HomeNewsTop 7 events that influenced Georgia’s produce business over the past 10 years (Part 3)

Top 7 events that influenced Georgia’s produce business over the past 10 years (Part 3)

The 2020 apple harvest in Georgia will be 50-60% higher than the previous season.

The EastFruit team in Georgia interviewed leading producers, processors, exporters and importers of fruit and vegetable products, as well as solution providers for the industry, officials and experts to identify the most significant events over the past 10 years that have had a decisive impact on its development. Below is a consolidated version of the ranking of the most important events for the Georgian business of vegetables, fruits, berries and nuts in chronological order as these events occur.

The first part of this series on Georgia’s Top 7 events can be read here; and the second part read here. Below is the third and final installment of our series on the main events in the Georgian fruit and vegetable industry over the past 10 years.

5. In 2016, Georgia exported blueberries for the first time to the UAE.

The industrial production of blueberries in Georgia began relatively recently in the 2000s.
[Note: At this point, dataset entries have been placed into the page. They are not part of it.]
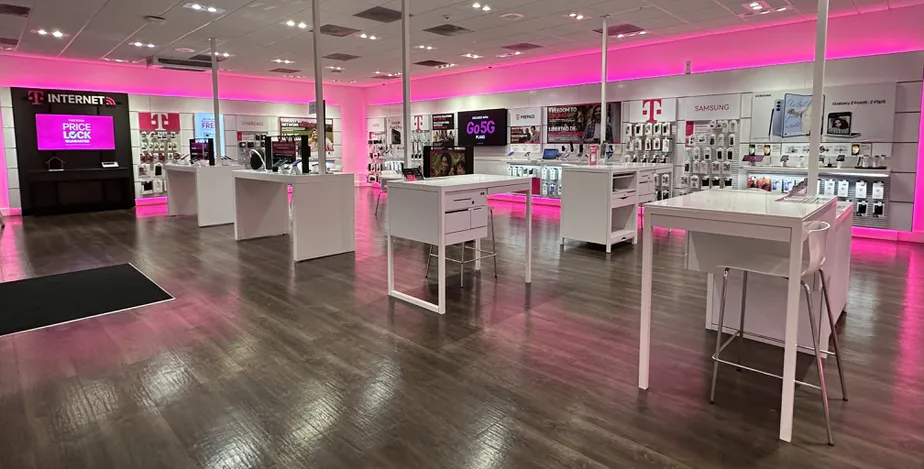 Foto del interior de la tienda T-Mobile en N Telshor & Lohman, Las Cruces, NM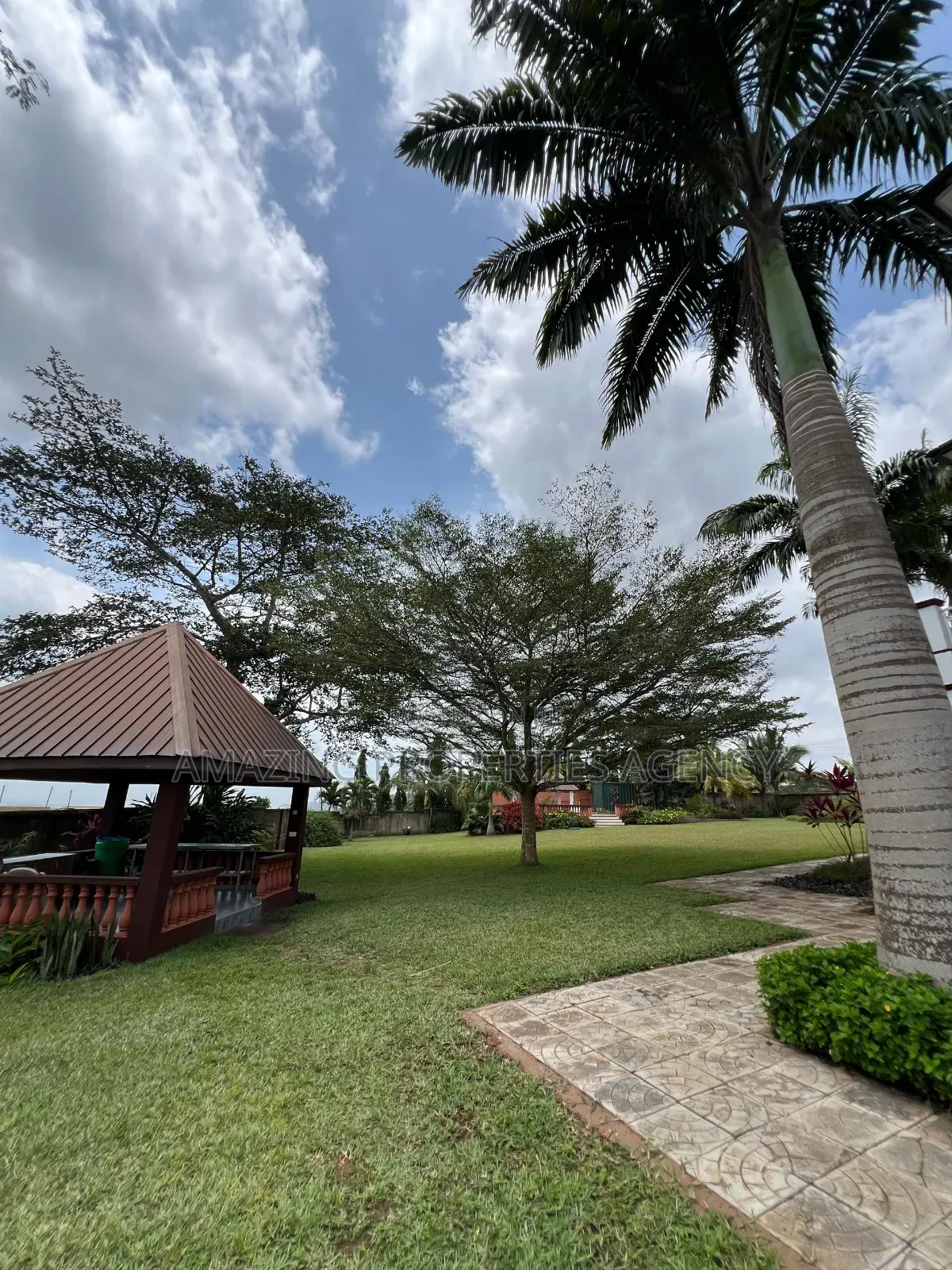 5bdrm Mansion in Aburi for sale in Aburi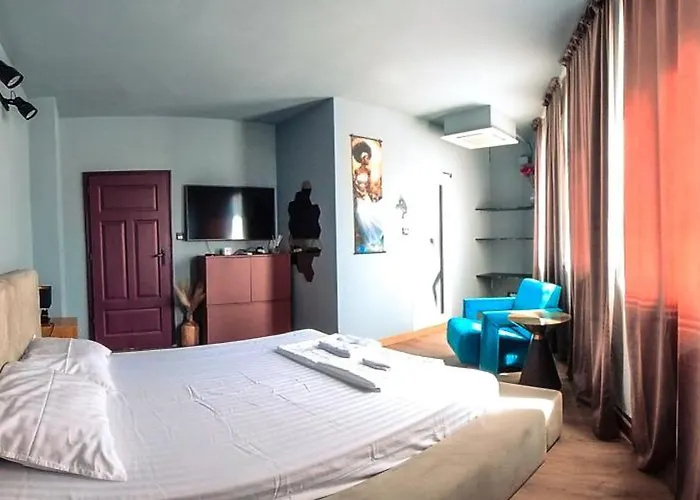 R34 Boutique Art 3* Veliko Tárnovo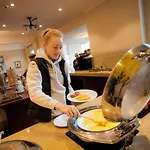 Mercure Canberra
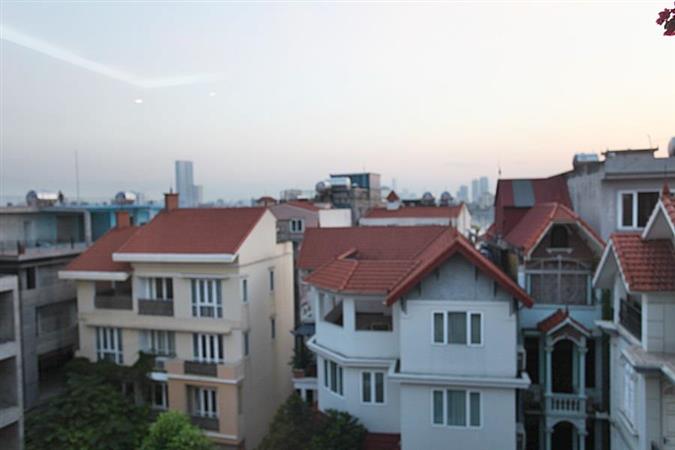 spacious 1 bedroom apartment for rent in tay ho dist balcony 003 88515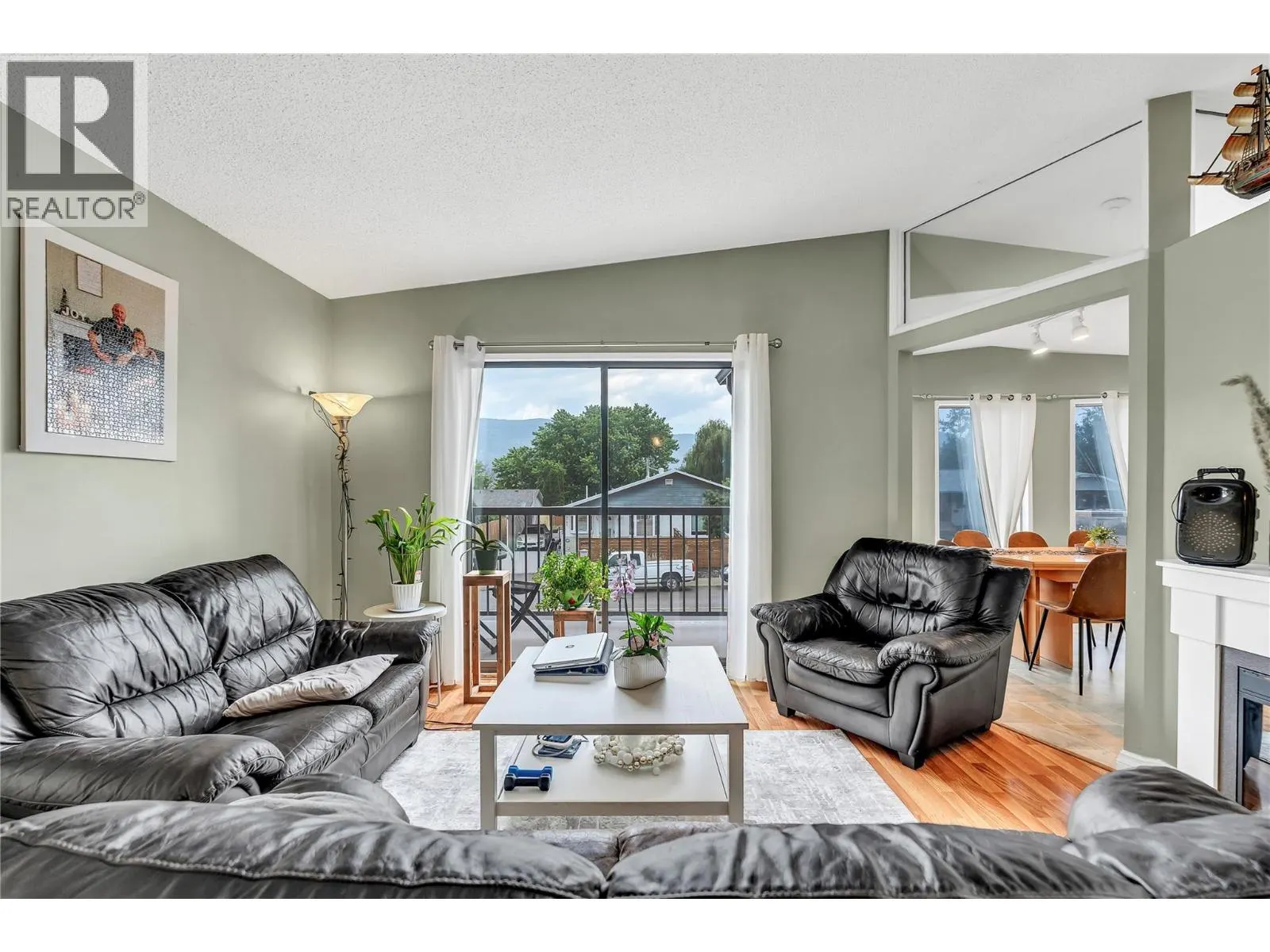 2494 Cornwall Drive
At the same time, the Plant the Future program gave a more powerful impetus to development.

It should be noted that, thanks to international donor projects, the development of blueberry production in Georgia started on the right foot with the selection of soils and blueberry varieties that grow well in Georgia and are in demand on the world market.

Therefore, already in 2016, the first consignments of Georgian blueberries were exported to the Middle East market in the UAE. “From the very beginning, we focused on Persian Gulf countries since, in the EU market, we are losing to the logistics of Spain whose producers can deliver blueberries in 2-3 days by road,” recalls Giorgi Gviniashvili, head of Agrolane. “In the UAE, Qatar and Kuwait, we are in the same conditions as the EU – all the world’s major producers deliver blueberries by air.”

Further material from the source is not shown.